* **About this exercise**: Unless a line falls after the one with "You Account in", retype it exactly from the records below; leave out all pictures.

--------------------------------

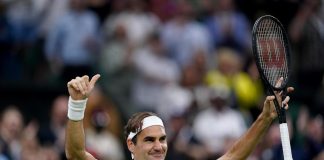 Wimbledon, Federer batte Sonego in 3 set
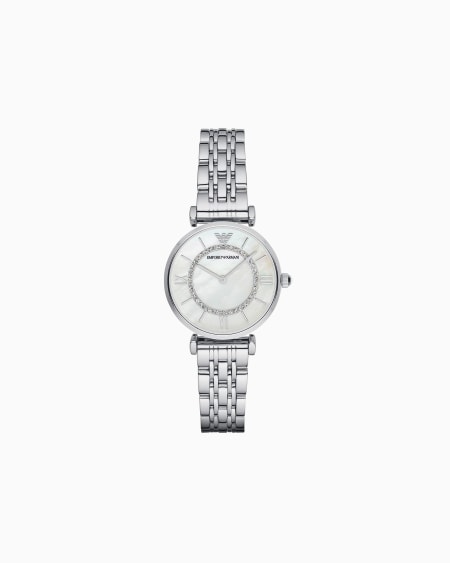 Armani Reloj Para Mujer De Dos Esferas Con Pulsera De Acero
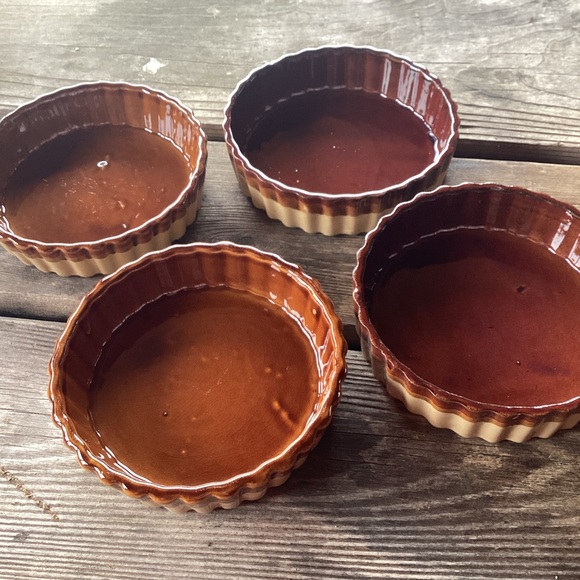 None Other - Vintage Individual Mini Pie, Tart or Quiche Dishes - set of 4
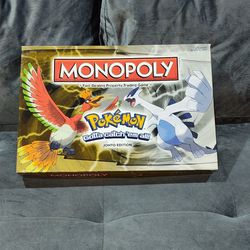 2016 POKÉMON MONOPOLY "GOTTA CATCH 'EM ALL" JOHTO EDITION COLLECTIBLE BOARD GAME COMPLETE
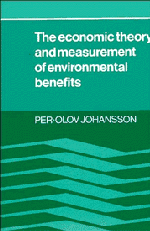 The Economic Theory and Measurement of Environmental Benefits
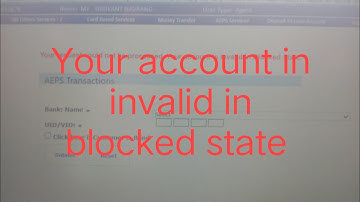 You Account in invalid in State | Sbi csp kyc update | hold account opening csp solution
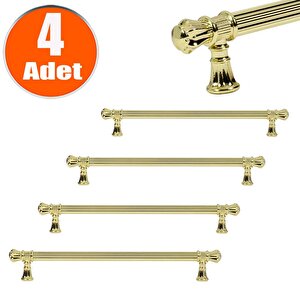 Akbatı Çekmece Dolap Kapak Kulpu Kulbu 224 Mm Gold Rustik Kulp (4 Adet)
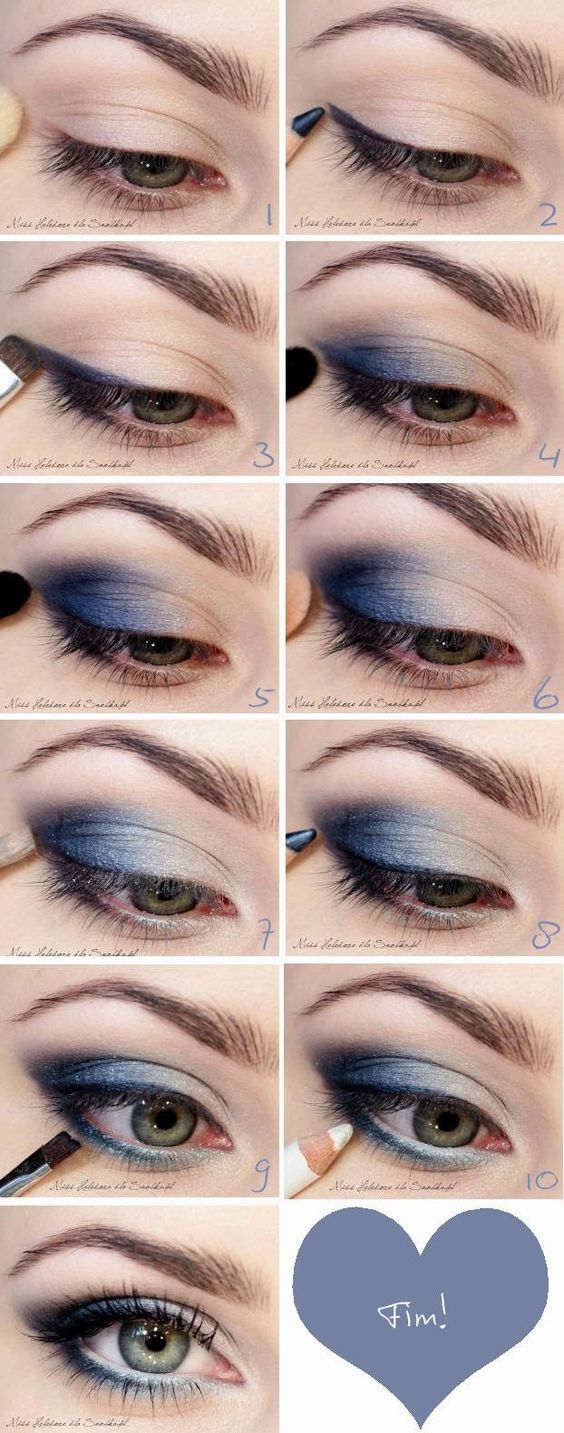 How to Rock Blue Makeup Looks - 20 Blue
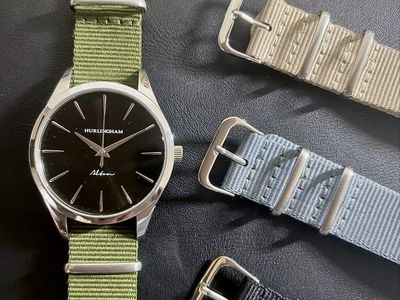 Nylon Military NATO-style Watch Strap 16mm | 18mm | 20mm Black | Gray | Army Green | Beige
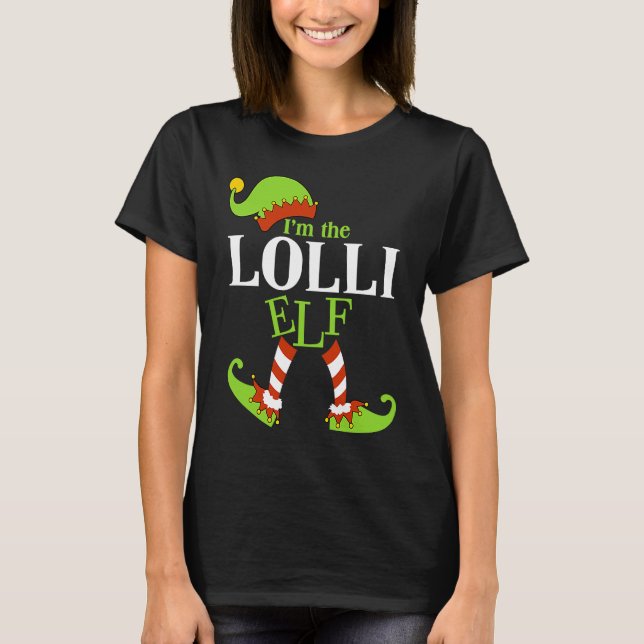 I'm The LOLLI Elf Family Group Matching PJ Christm T-Shirt (Vorderseite)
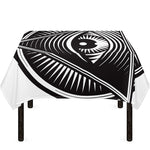 Illuminati Symbol Print Tablecloth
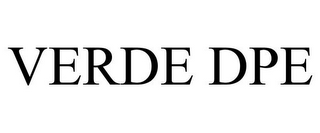 VERDE DPE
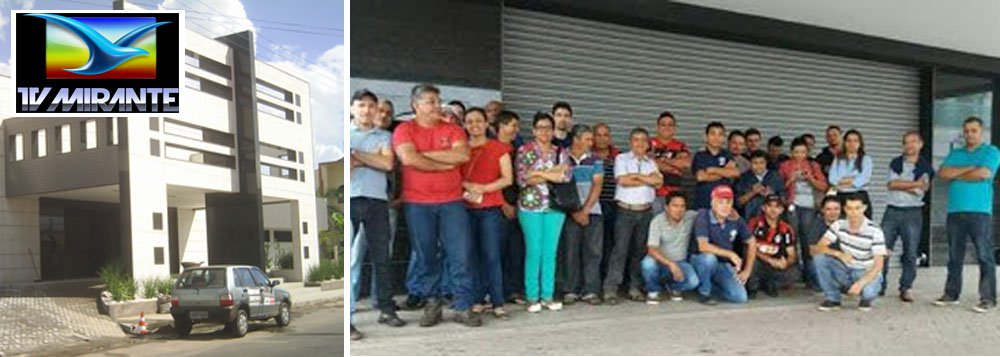 Funcionários da TV Mirante Imperatriz, afiliada da Globo em Imperatriz, no sul do Maranhão, estão em greve desde a última terça-feira (24) por tempo indeterminado; programação local que era gerada na cidade está suspensa e somente o sinal que vem de São Luís é exibido; movimento grevista reclama de reajuste de salário abaixo da inflação e corte do vale-alimentação; segundo o Sindicato dos Jornalistas e Radialistas de Imperatriz, afiliada da Globo passa por uma situação difícil, desde que o estado passou a ser governado por Flávio Dino (PCdoB), o primeiro não ligado aos Sarney depois de 31 anos; governador teria deixado de investir recursos de publicidade em demasia na TV Mirante, como era feito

--------------------------------

* **Worked solution**:
 Wimbledon, Federer batte Sonego in 3 set
 Armani Reloj Para Mujer De Dos Esferas Con Pulsera De Acero
 None Other - Vintage Individual Mini Pie, Tart or Quiche Dishes - set of 4
 2016 POKÉMON MONOPOLY "GOTTA CATCH 'EM ALL" JOHTO EDITION COLLECTIBLE BOARD GAME COMPLETE
 The Economic Theory and Measurement of Environmental Benefits
 You Account in invalid in State | Sbi csp kyc update | hold account opening csp solution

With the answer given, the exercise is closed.